Hundreds of people have gathered outside the Japanese prime minister’s office in Tokyo to hold a silent vigil in honour of journalist Kenji Goto, who was executed by Islamic State militants.
In a video released online, IS claimed it had killed the 47-year-old journalist – the second purported beheading of a Japanese hostage in a week – but made no mention of a Jordanian pilot it had also threatened to kill.
Japan has said it was “highly probable” that the video was authentic.
Goto, 47-year-old, had devoted his life to giving a voice to victims, particularly children in conflict zones.
As the country mourned, some 200 people rallied outside the office of prime minister Shinzo Abe, who condemned the killing as “heinous and despicable”.
They held signs reading “I am Kenji”, mourning the intrepid journalist by echoing the catchcry of mourners of victims of the shooting at the Paris offices of Charlie Hebdo in early January.
In a show of defiance after the killing, Mr Abe vowed to increase Japan’s humanitarian aid for countries fighting IS militants.
“We will never forgive terrorists,” Mr Abe said, appearing to fight back tears as he spoke.
“The government has been working with the utmost efforts on the issue – I deeply regret that this is the result.”
Mr Abe said Japan would never give in to terrorists and would continue to work with international partners to bring them to justice.
“We will cooperate with the international community to make them atone for their crimes,” he said.

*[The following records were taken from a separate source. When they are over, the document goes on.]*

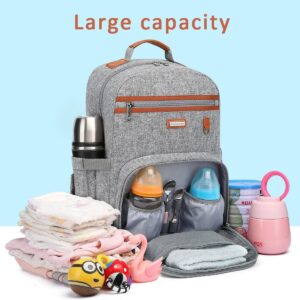 BILLITON MASHI Diaper Bag Backpack, Diaper Bag for Baby,Large Capacity with Insulated Pockets Multifunctional Baby Bags Backpack for Girls Boys Waterproof Diaper Bags for Mama Maternity Travel BagGrey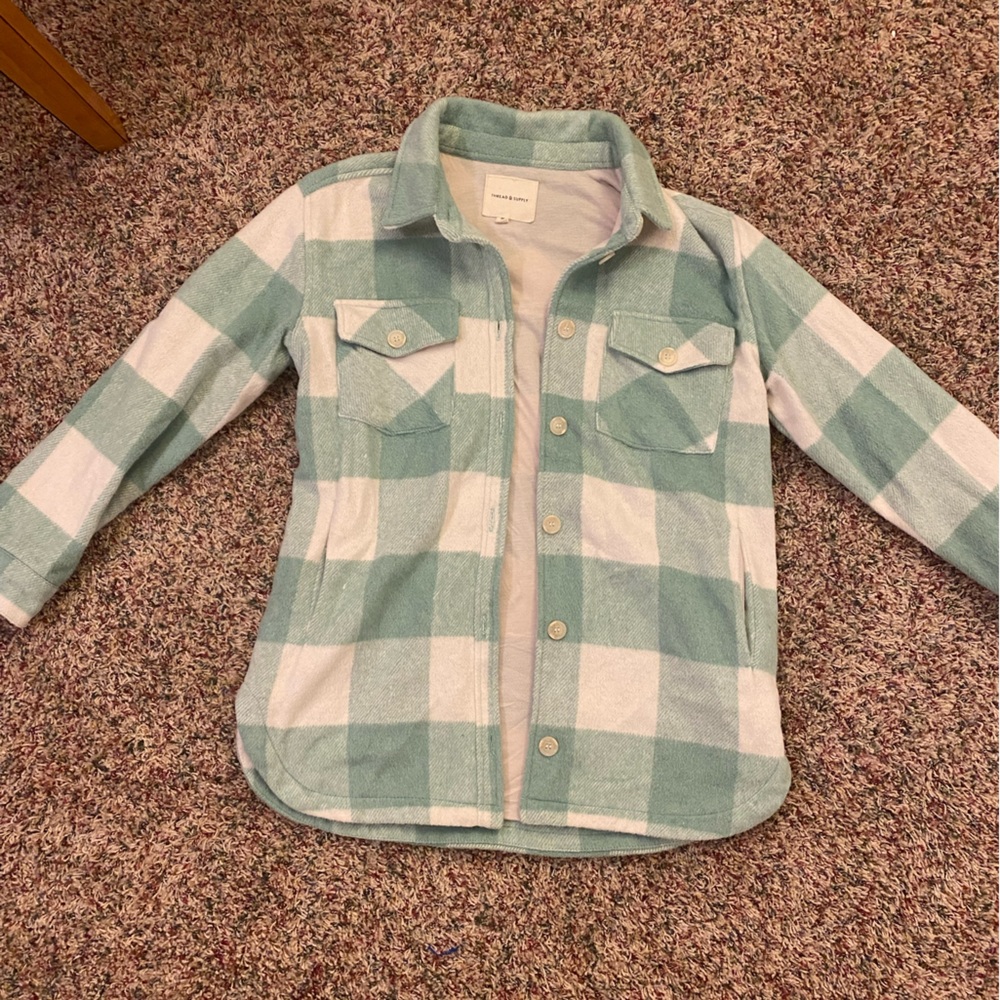 Medium Mint Colored Checkered Jacket. It’s From T… - image 2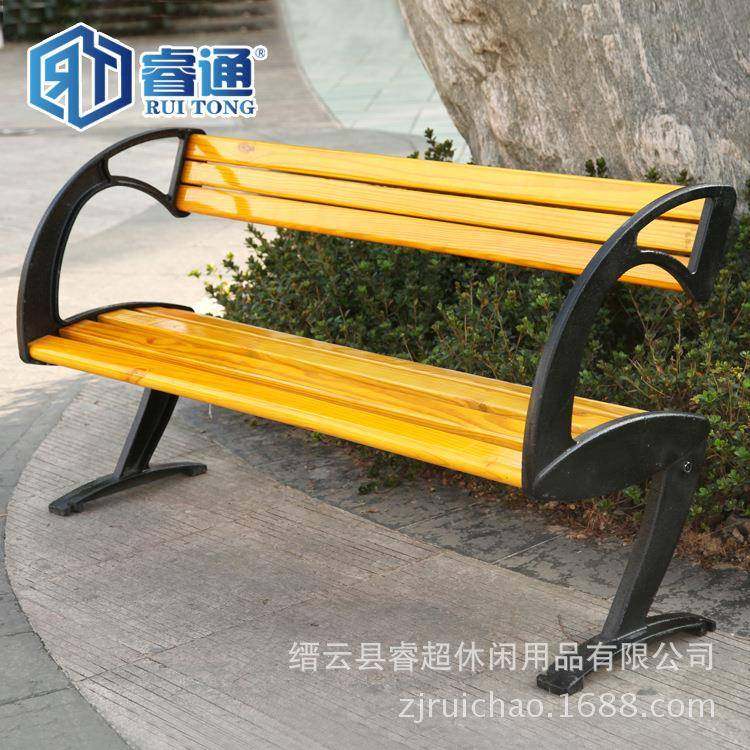 公园实木长椅定制金属骨架长椅小区环保长椅供应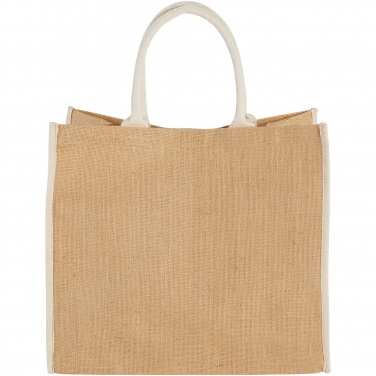 Logo trade corporate gifts image of: Harry coloured edge jute tote bag 25L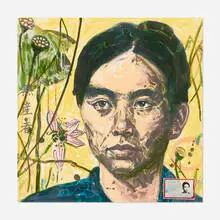 Hung Liu, Proletarian (from the Official Portraits series), 2006, lithograph in colors with paper collage on BFK Rives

Goto’s mother, Junko Ishido, who earlier appealed for his safe release, appeared before the media in Tokyo after the video was released.
She tearfully pledged to continue her son’s efforts towards making “the world a place without any wars, and to save children from war and poverty”.

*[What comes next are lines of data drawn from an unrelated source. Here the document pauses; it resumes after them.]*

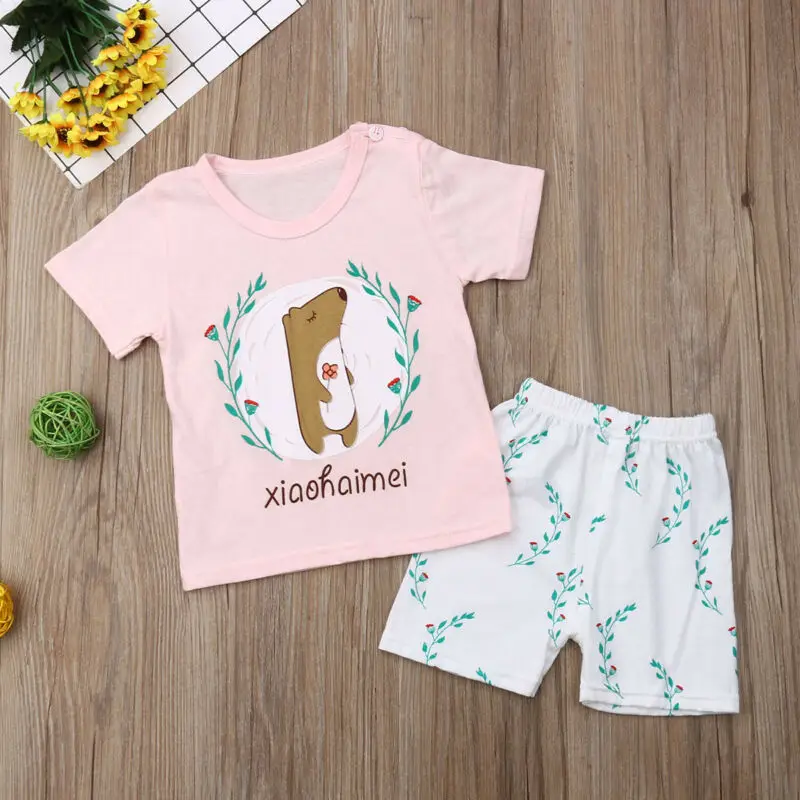 

Toddler Kids Baby Girls Boys Top T-shirt + Short Pants Summer Casual Outfits Set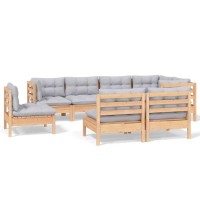 vidaXL 8 Piece Patio Lounge Set with Gray Cushions Solid Pinewood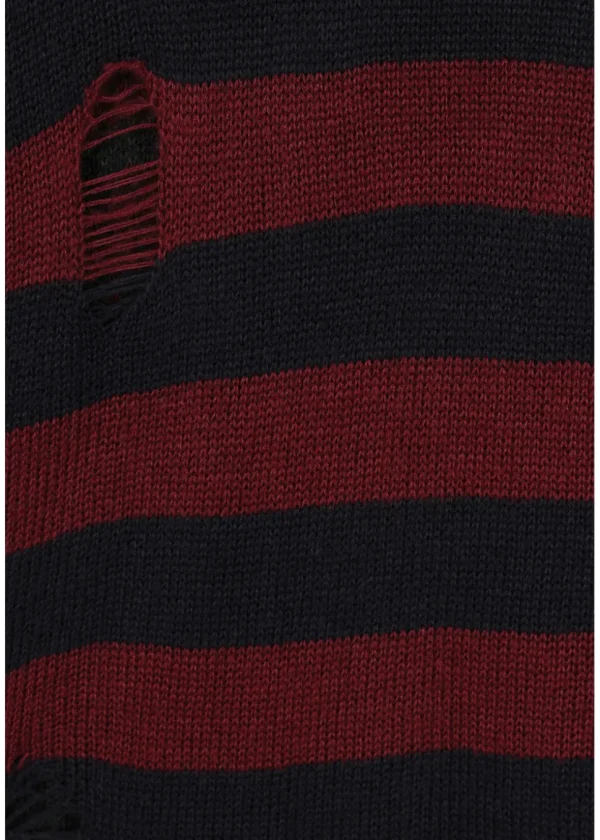 Third Identity Cross My Heart Stripes Sweater Burgundy Navy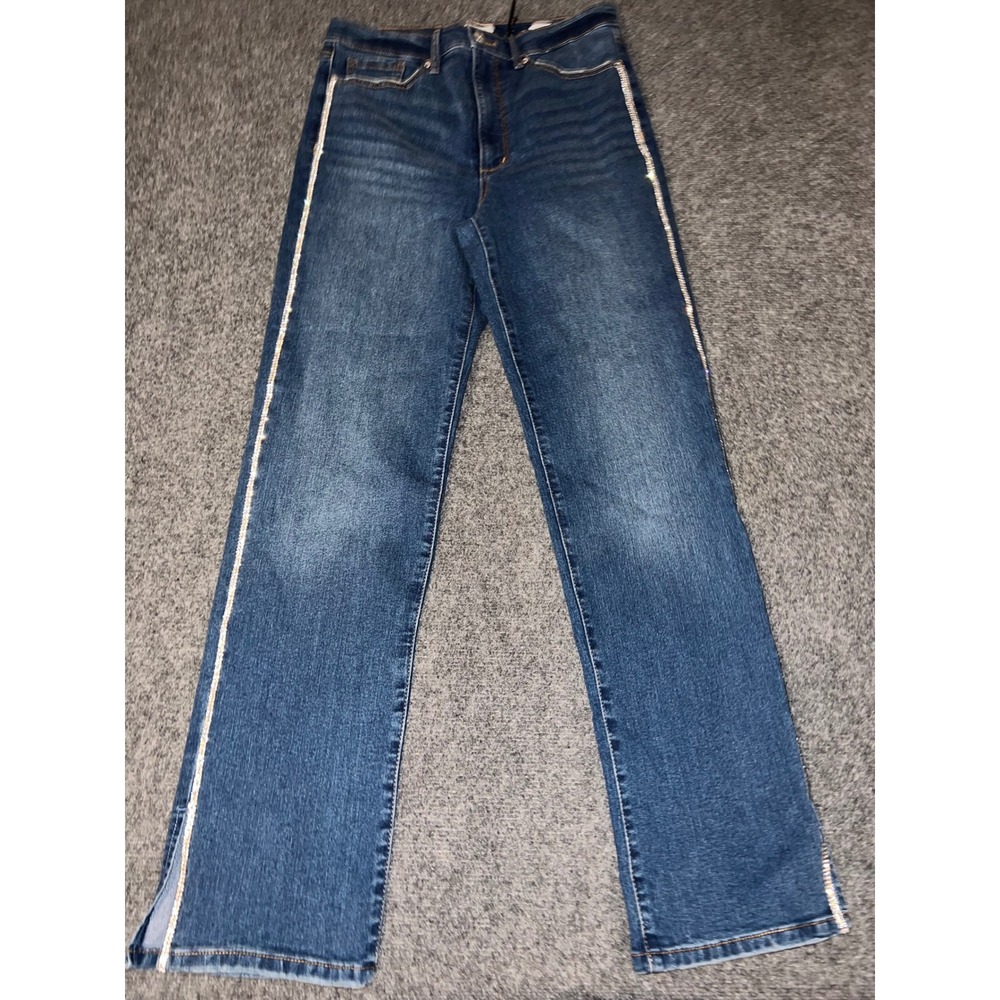Sofia Jeans by Sofia Vergara Eden 90s Straight Rhinestone Blue Jeans Size 10
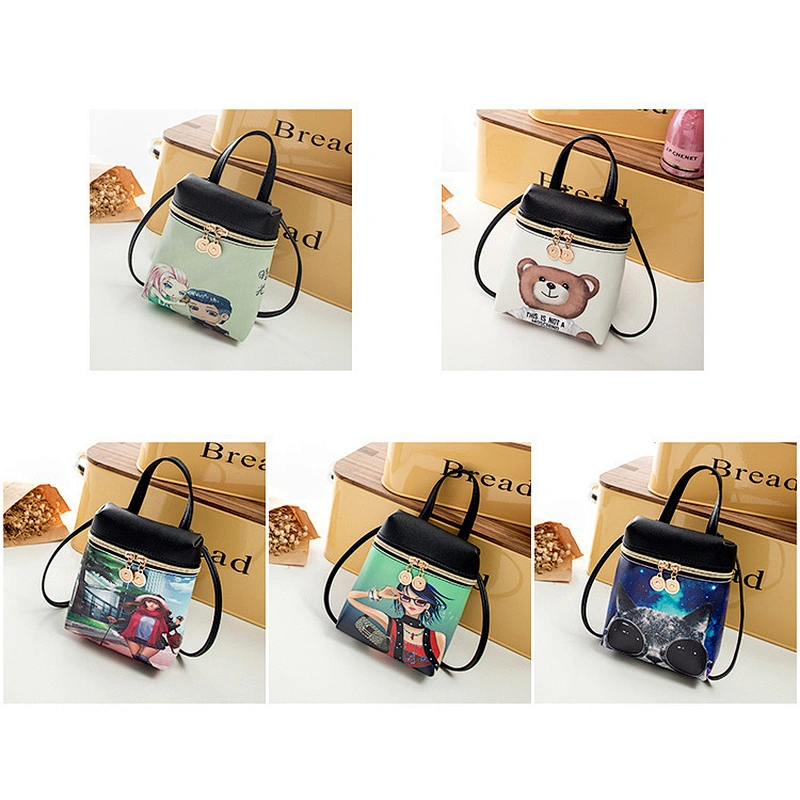 Hot Sale Cartoon Cute Printing Small Square Bag Women'S Shoulder Diagonal Bag Ladies Backpack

“I promise here to carry out his legacy, hopefully with your support,” she told reporters at her home.
“I hope Kenji’s death … [will] contribute to the world however small it may be.”
Bid to save hostage pilot
Jordan vowed to do all it could to save an airman held by IS after Goto’s death was announced.

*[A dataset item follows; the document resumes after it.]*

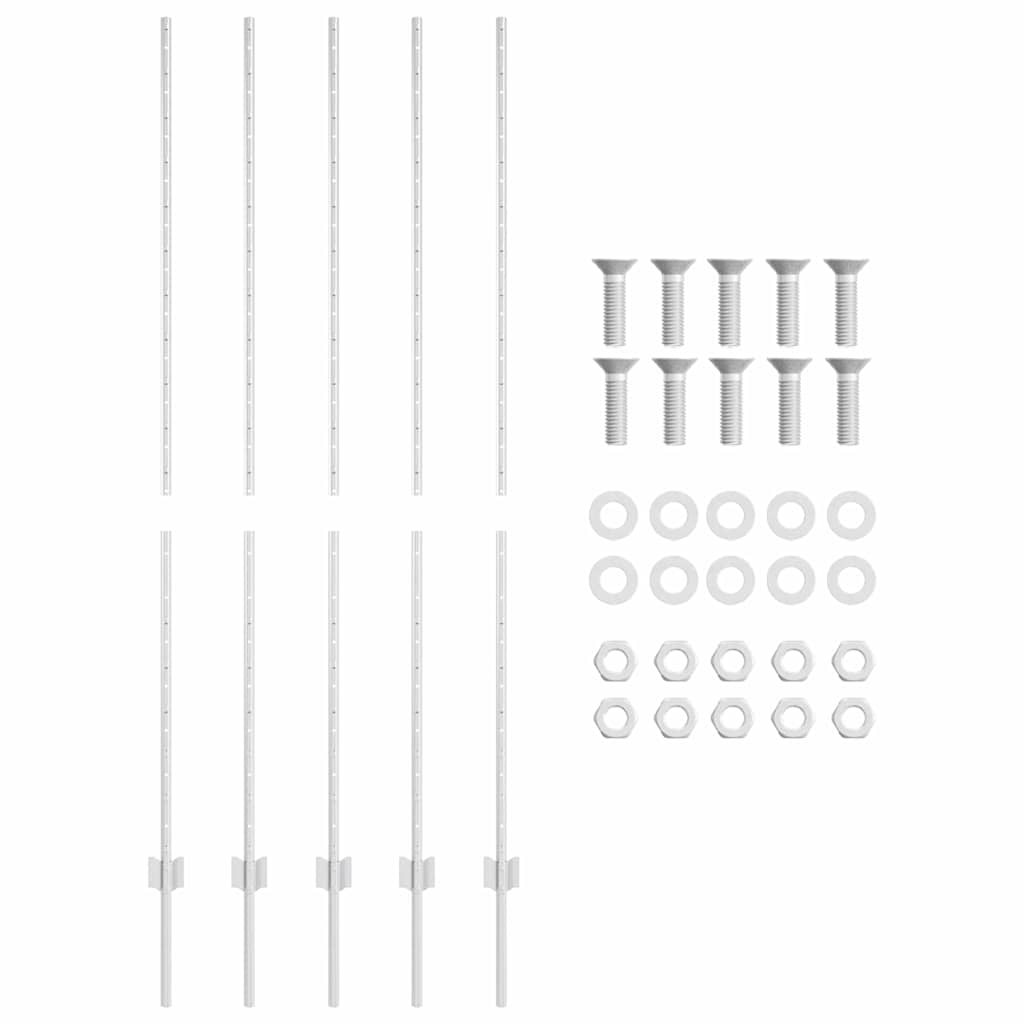 Tvorelės stulpas 5 pcs Sidabro 160 cm Plienas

Jordan’s King Abdullah II denounced Goto’s murder as a “cowardly, criminal act” and said every effort was being made to seek the release of the hero pilot Maaz Kassasbeh, captured after his F-16 plane crashed in Syria in December.
IS vowed to kill Goto and the Jordanian pilot by sunset on Thursday unless Amman handed over an Iraqi female jihadist who is on death row for her role in bombings in the capital that killed 60 people in 2005.
Amman said it would hand her over if it was provided with proof Mr Kassabeh was still alive.
Government spokesman Mohammed al-Momeni pledged Jordan would “do everything it can to save the life and secure the release” of Mr Kassasbeh.
Safi Kassasbeh, the pilot’s father, denounced the killing of Kenji Goto and told AFP the Jordanian “government is responsible” for his son’s fate.
“Maaz is our son and a son of the military, and the government is responsible for him,” said Safi Kassasbeh, who in previous days urged authorities to seek his son’s release “at any price”.